SydneyAyx · 2020-07-23T15:33:06Z

Running evalml 0.11.2. It looks like the option to set data checks to False has been removed from AutoMLSearch, which was a work-around for this issue previously.

TypeError Traceback (most recent call last)
in
1 automl = AutoMLSearch(objective="log_loss_multi", max_pipelines=5, problem_type="multiclass")
2
----> 3 automl.search(X, y)

~.conda\envs\evalml_test_1.0\lib\site-packages\evalml\automl\automl_search.py in search(self, X, y, data_checks, feature_types, raise_errors, show_iteration_plot)
316
317 data_checks = self._validate_data_checks(data_checks)
--> 318 data_check_results = data_checks.validate(X, y)
319
320 if len(data_check_results) > 0:

~.conda\envs\evalml_test_1.0\lib\site-packages\evalml\data_checks\data_checks.py in validate(self, X, y)
33 messages = []
34 for data_check in self.data_checks:
---> 35 messages_new = data_check.validate(X, y)
36 messages.extend(messages_new)
37 return messages

~.conda\envs\evalml_test_1.0\lib\site-packages\evalml\data_checks\label_leakage_data_check.py in validate(self, X, y)
53 if len(X.columns) == 0:
54 return []
---> 55 corrs = {label: abs(y.corr(col)) for label, col in X.iteritems() if abs(y.corr(col)) >= self.pct_corr_threshold}
56
57 highly_corr_cols = {key: value for key, value in corrs.items() if value >= self.pct_corr_threshold}

~.conda\envs\evalml_test_1.0\lib\site-packages\evalml\data_checks\label_leakage_data_check.py in (.0)
53 if len(X.columns) == 0:
54 return []
---> 55 corrs = {label: abs(y.corr(col)) for label, col in X.iteritems() if abs(y.corr(col)) >= self.pct_corr_threshold}
56
57 highly_corr_cols = {key: value for key, value in corrs.items() if value >= self.pct_corr_threshold}

~.conda\envs\evalml_test_1.0\lib\site-packages\pandas\core\series.py in corr(self, other, method, min_periods)
2252 if method in ["pearson", "spearman", "kendall"] or callable(method):
2253 return nanops.nancorr(
-> 2254 this.values, other.values, method=method, min_periods=min_periods
2255 )
2256

~.conda\envs\evalml_test_1.0\lib\site-packages\pandas\core\nanops.py in _f(*args, **kwargs)
67 try:
68 with np.errstate(invalid="ignore"):
---> 69 return f(*args, **kwargs)
70 except ValueError as e:
71 # we want to transform an object array

~.conda\envs\evalml_test_1.0\lib\site-packages\pandas\core\nanops.py in nancorr(a, b, method, min_periods)
1238
1239 f = get_corr_func(method)
-> 1240 return f(a, b)
1241
1242

~.conda\envs\evalml_test_1.0\lib\site-packages\pandas\core\nanops.py in _pearson(a, b)
1254
1255 def _pearson(a, b):
-> 1256 return np.corrcoef(a, b)[0, 1]
1257
1258 def _kendall(a, b):

<array_function internals> in corrcoef(*args, **kwargs)

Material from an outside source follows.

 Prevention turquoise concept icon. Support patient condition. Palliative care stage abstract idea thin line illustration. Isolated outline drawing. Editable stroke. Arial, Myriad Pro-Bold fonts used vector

~.conda\envs\evalml_test_1.0\lib\site-packages\numpy\lib\function_base.py in corrcoef(x, y, rowvar, bias, ddof)
2524 warnings.warn('bias and ddof have no effect and are deprecated',
2525 DeprecationWarning, stacklevel=3)
-> 2526 c = cov(x, y, rowvar)
2527 try:
2528 d = diag(c)

<array_function internals> in cov(*args, **kwargs)

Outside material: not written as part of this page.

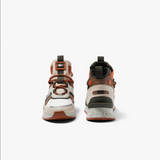 Men's Lacoste Run Breaker Leather Color-Pop Outdoor Shoes Brown & Off White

~.conda\envs\evalml_test_1.0\lib\site-packages\numpy\lib\function_base.py in cov(m, y, rowvar, bias, ddof, fweights, aweights)
2429 w *= aweights
2430
-> 2431 avg, w_sum = average(X, axis=1, weights=w, returned=True)
2432 w_sum = w_sum[0]
2433

<array_function internals> in average(*args, **kwargs)

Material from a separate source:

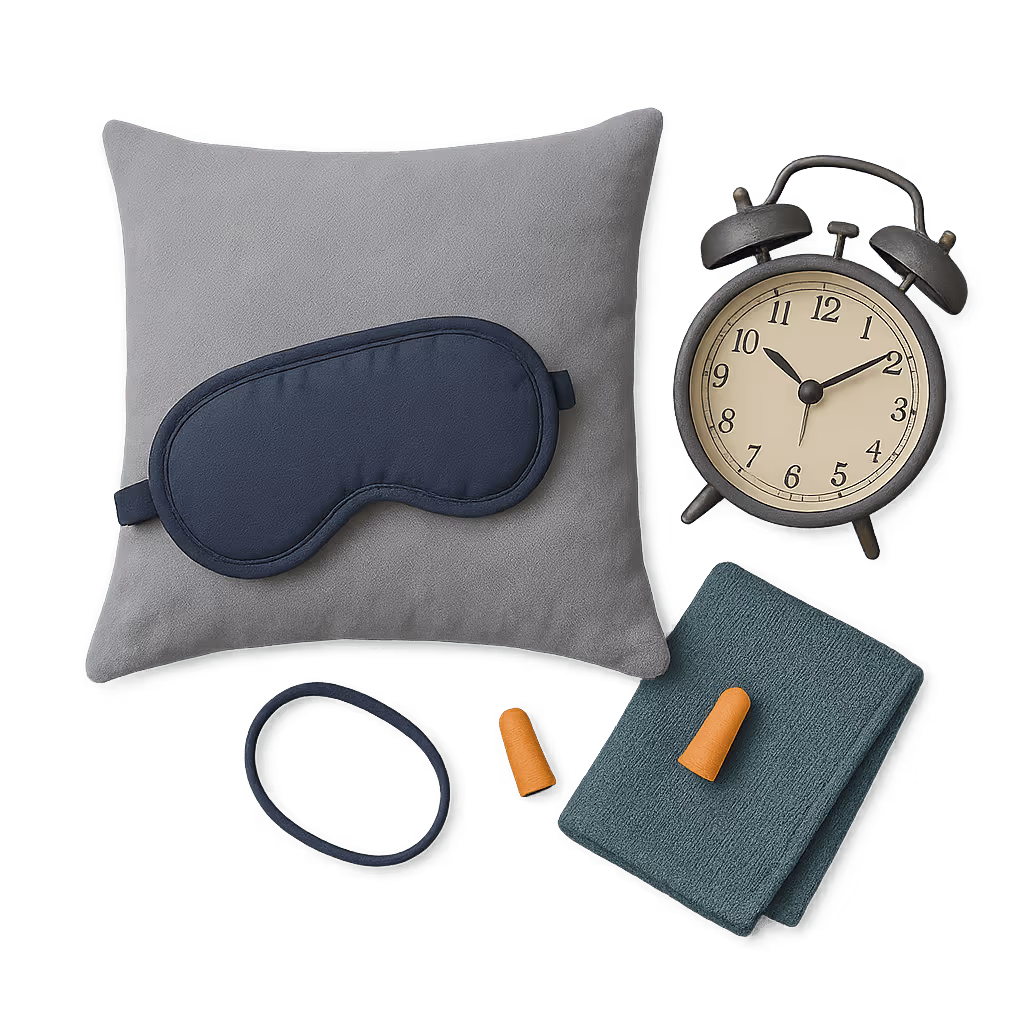 A pillow, sleep mask and alarm clock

~.conda\envs\evalml_test_1.0\lib\site-packages\numpy\lib\function_base.py in average(a, axis, weights, returned)
391
392 if weights is None:
--> 393 avg = a.mean(axis)
394 scl = avg.dtype.type(a.size/avg.size)
395 else:

~.conda\envs\evalml_test_1.0\lib\site-packages\numpy\core_methods.py in _mean(a, axis, dtype, out, keepdims)
152 if isinstance(ret, mu.ndarray):
153 ret = um.true_divide(
--> 154 ret, rcount, out=ret, casting='unsafe', subok=False)
155 if is_float16_result and out is None:
156 ret = arr.dtype.type(ret)

TypeError: unsupported operand type(s) for /: 'str' and 'int'

It does something slightly different when run - the search executes instead of failing with a stack trace, but all scores for all pipelines are nan.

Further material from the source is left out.